Welcome to the underworld

Written by Stuart Revnell No Gravatar

An early start this morning – up at 04:45 to catch a tuk to the bus station in Vientiane for our 06:00 bus to Ba Nam Him, jumping off point for the Kong Lo cave, our next scheduled stop on our way down through the country.

Our plan was to stay overnight in Ban Nam Him, visit the cave the next day, stay another night, then continue our journey.  As it happened, we arrived at midday, jumped on a shared sang thaew (open backed taxi – seats eight by design and twenty in reality) towards the guesthouse we had planned to stay at, but decided to visit the cave the same day, as it transpired that they were only a kilometre or so apart, and there didn’t seem like there would be a huge amount to occupy our time if we checked in for the afternoon.

We wandered through a beautiful, calm forest for ten minutes or so, up to the river’s edge, where a handful of boatmen hang out in a shelter, waiting to take visitors through the cave.  On the way down, an enterprising chap hires out head torches for £0.40 a pop – he’s the only one though, as the cave still seems to be a fairly minor blip on the tourist trail, despite having been open for fifteen years to the outside world.

We strolled along to the mouth of the cave to pick up our boat, and as we ambled over the final ridge, something dawned on me – this cave was huge.  The mouth gaped open, and the entrance was  filled with long boats – hinting more at the promise of a mass influx of visitors rather than the reality – waiting to ferry visitors into the blackness.  We fired up our headlamps, and after a short walk to our boat, began our journey along the 7.5 km river.

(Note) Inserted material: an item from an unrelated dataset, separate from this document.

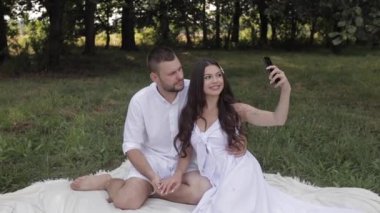 Anne ve baba, erkek çocuklarına uzanıyor.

What followed was unlike anything I’ve ever done on my life.  After a few minutes, we stopped at a jumping off point to view a stalactite / stalagmite garden, and standing there dwarfed by the huge formations, eerily illuminated by blue uplighters, I felt like I was on the surface of a remote planet, far away from the world I knew.  This section of the cave was the only one with any artificial light in it, and the experience is all the better for it, in my opinion – with only our headlamps to navigate by as our boat continued its journey, I sat open-mouthed, in awe of the incredible features around me, barely perceptible, but most definitely there.

You know those nights when you arrive in a place far away from any street lamps, step outside to view the stars, and as your eyes adjust, you’re silenced by the realisation that there are forces at work in the universe which, no matter how hard you try, you can’t quite get your head around?  It felt a little like that – there are really no words that I could use to convey how impressive the Kong Lo Cave is.  The fact that something of  this scale probably started life several millions or hundreds of millions of years ago (there comes a point when it doesn’t really make much difference to one’s level of awe) is quite staggering to me.   That the water from the roof of the cave, high overhead, had been dripping onto the stalagmites below for thousands of years, while human language systems were developing, science, commerce and medicine were evolving…my imagination ran wild, and I loved every moment of it.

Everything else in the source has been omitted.